## [Your instructions]
Beginning at the line that contains "Royal Blue Embroidery", output each line exactly through the end of the records, and drop any pictures.

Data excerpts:
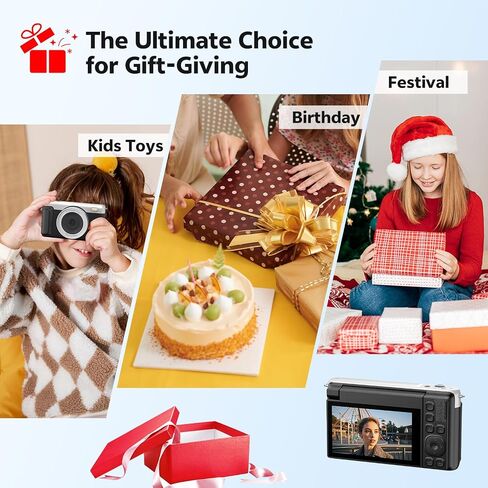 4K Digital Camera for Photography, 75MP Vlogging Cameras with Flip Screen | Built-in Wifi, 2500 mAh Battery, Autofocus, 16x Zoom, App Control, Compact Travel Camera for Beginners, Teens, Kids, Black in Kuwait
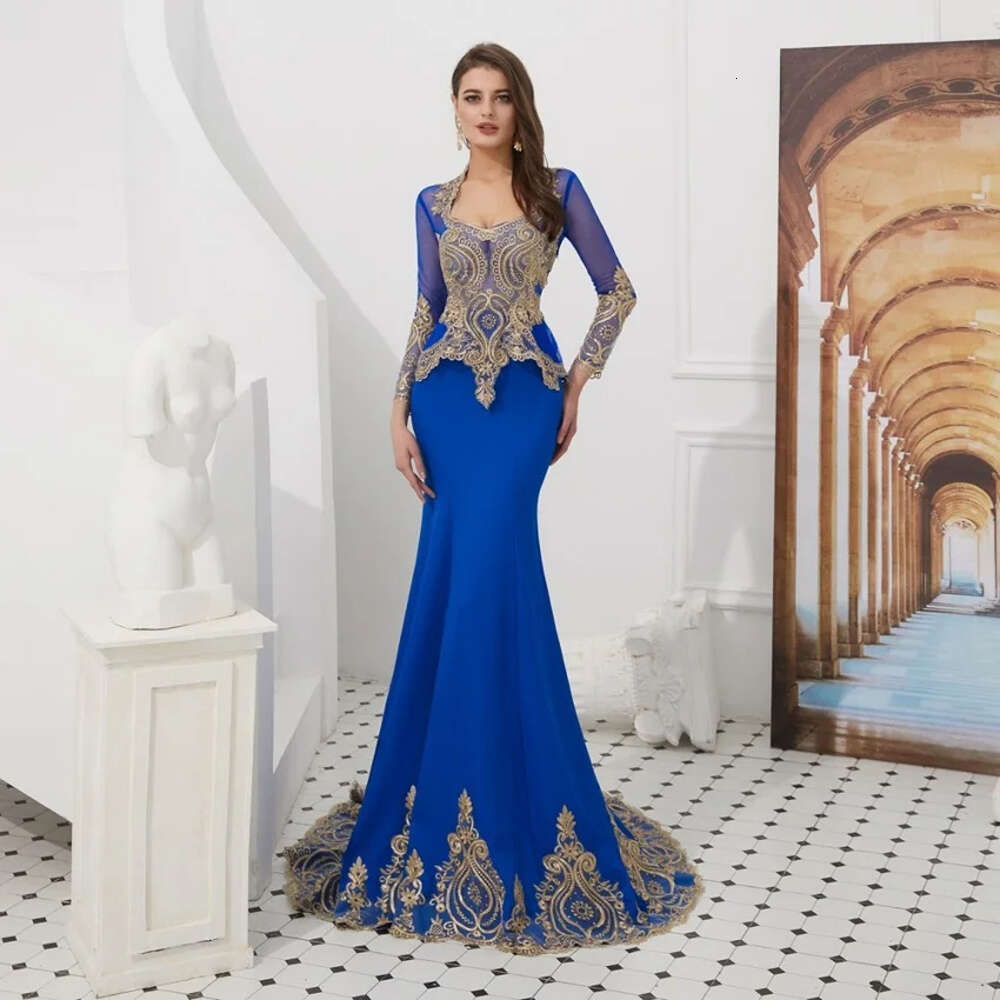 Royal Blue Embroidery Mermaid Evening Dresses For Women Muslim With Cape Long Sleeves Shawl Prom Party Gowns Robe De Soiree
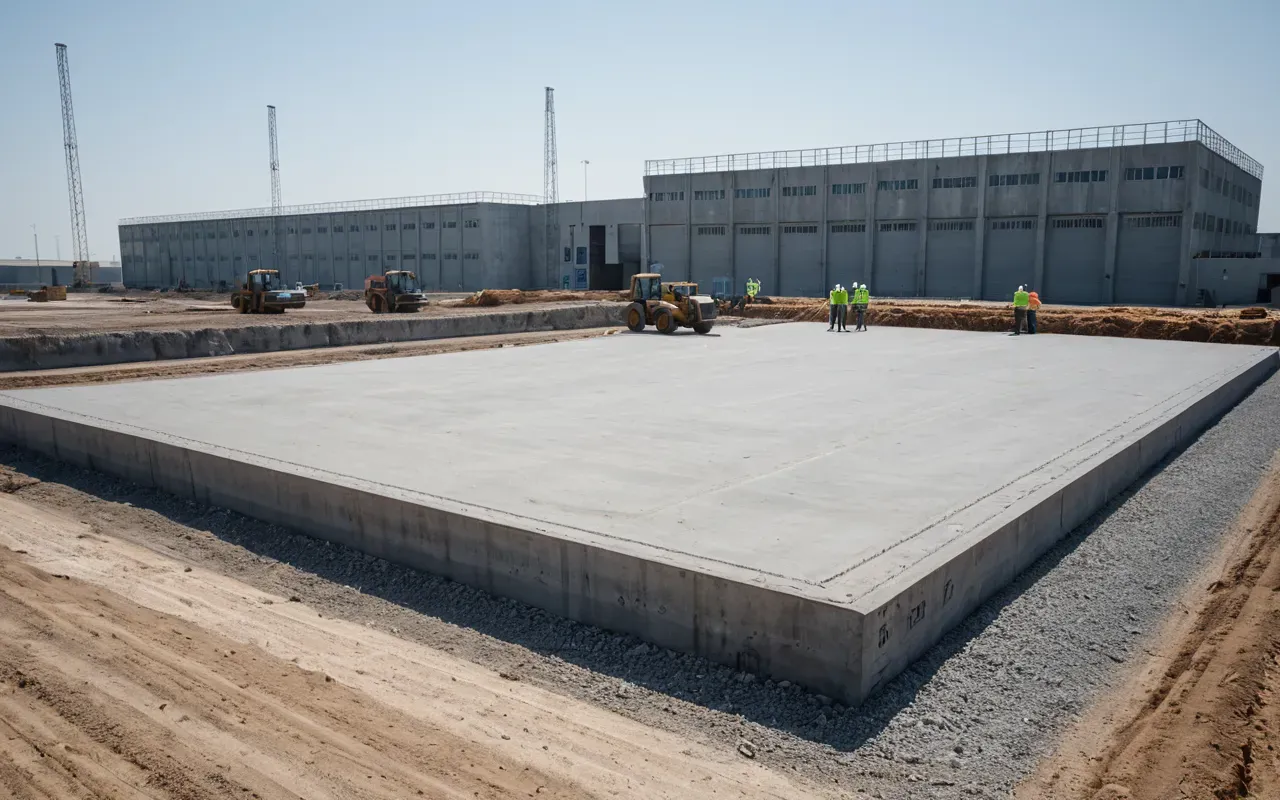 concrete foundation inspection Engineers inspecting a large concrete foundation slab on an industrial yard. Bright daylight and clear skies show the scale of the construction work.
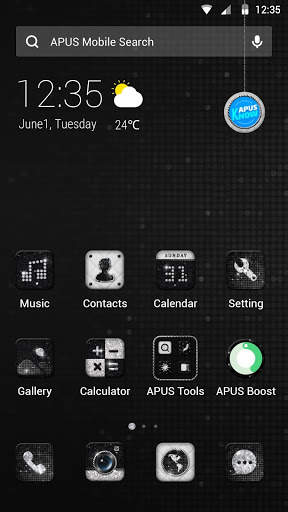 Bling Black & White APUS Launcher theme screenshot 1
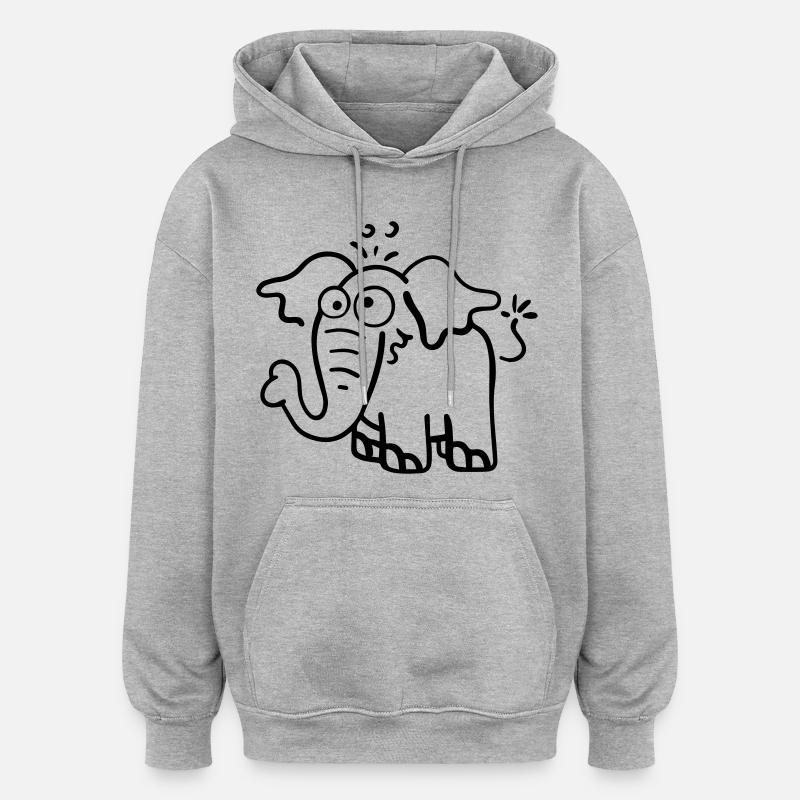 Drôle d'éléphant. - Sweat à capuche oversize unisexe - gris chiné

## [Result]
 Royal Blue Embroidery Mermaid Evening Dresses For Women Muslim With Cape Long Sleeves Shawl Prom Party Gowns Robe De Soiree
 concrete foundation inspection Engineers inspecting a large concrete foundation slab on an industrial yard. Bright daylight and clear skies show the scale of the construction work.
 Bling Black & White APUS Launcher theme screenshot 1
 Drôle d'éléphant. - Sweat à capuche oversize unisexe - gris chiné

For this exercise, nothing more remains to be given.